The prophets who recognized Jesus.

by K.W. Leslie, 27 December 2015

Luke 2.21-40.

Luke 2.21-24 KWL
21 Once eight days were fulfilled, Joseph circumcised him and declared his name Jesus,
which the angel called him before he was formed in the womb.
22 Once the days were fulfilled for Mary’s purification, according to Moses’s Law,
they took Jesus to Jerusalem to present him to the Lord,
23 just as it’s written in the Lord’s Law:
“Every male who opens a womb will be called holy to the Lord.” Ex 13.2, 12
24 And giving a sacrifice, according to the saying in the Lord’s Law:
“A pair of doves, or two young pigeons.” Lv 12.8

Jesus followed the Law. If he didn’t, he couldn’t be described as without sin, He 4.15 because sin is defined by the Law. Ro 3.20 And though, as an infant, he couldn’t yet do anything on his own to actively follow the Law, he had Law-abiding parents who took care of it for him. As instructed in the Law, eight days after birth Ge 17.12 (meaning he wasn’t born on Sabbath, contrary to some theories), Joseph circumcised his adoptive son, and as the angels instructed, named him Jesus. Mt 1.21, Lk 1.31

As for Mary, she was ritually unclean for 7 days, and unable to go to temple for 33 days. Lv 12.2, 4 But once her 33 days were up, she had to have a sheep sacrificed to represent her atonement, and a dove sacrificed for her sins. Lk 12.6-7 I know; Roman Catholics claim Mary never sinned. Well, she was ordered to sacrifice the dove anyway, and not sacrificing it would’ve been a sin. In fact, I guarantee you plenty of animals were sacrificed on Jesus’s behalf over his lifetime, even though he didn’t need a single one of them to die for any sins—but sacrificing them was part of the Law, so he offered ’em anyway. Really, not a one of them had ever taken away sin, He 10.4 for they were merely representative of Jesus’s later self-sacrifice. He 10.1 I’m getting way ahead of the story though.

Since Luke quotes the verse about how the poor can swap another dove for the sheep, Lv 12.8 it implies Joseph and Mary were poor. Which they likely were—by now, between baby expenses and the Romans’ taxes as part of their survey. Cash-poor meant doves or pigeons were a much more affordable option. You could catch birds for free, y’know.
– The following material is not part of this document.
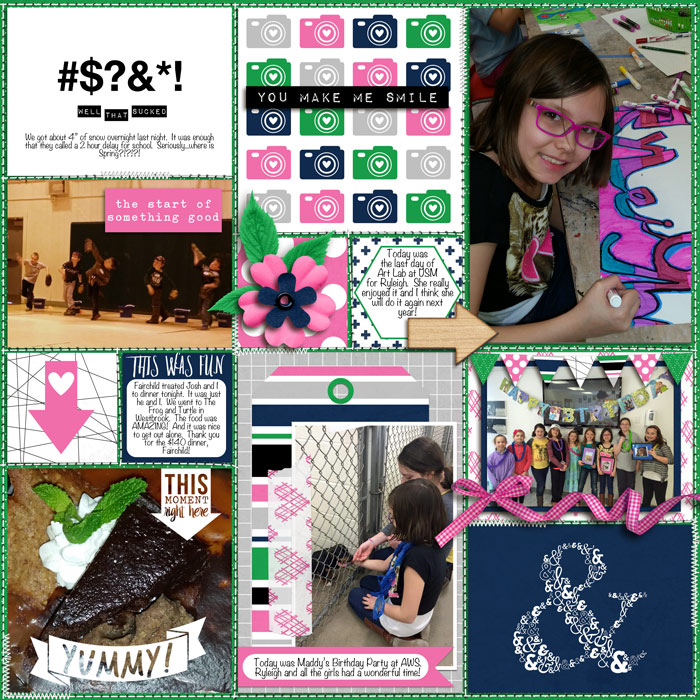 Week-15-Page-2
On the way into the temple, Jesus’s parents were accosted by a prophet. Yes, there were still prophets back then. God never stopped having prophets, nor stopped speaking through them. But I discussed that already.

Symeón identifies Jesus.

Luke 2.25-32 KWL
25 Look: There was a person in Jerusalem named Symeón.
This righteous, devout person was awaiting Israel’s helper, and the Holy Spirit was upon him.
26 By the Holy Spirit, it was revealed to him he wouldn’t die till he’d seen the Lord’s Messiah.
27 He was led by the Spirit to the temple.
When the baby Jesus’s parents were bringing him,
to do to him as following the Law’s custom about him,
28 Symeón took Jesus in his arms and praised God. He said,
29“Now dismiss your slave in peace, boss, like your word said.
30 My eyes have seen your salvation, 31 which you prepared to show all the people—
32 a light of revelation to the nations, and the glory of Israel’s people.”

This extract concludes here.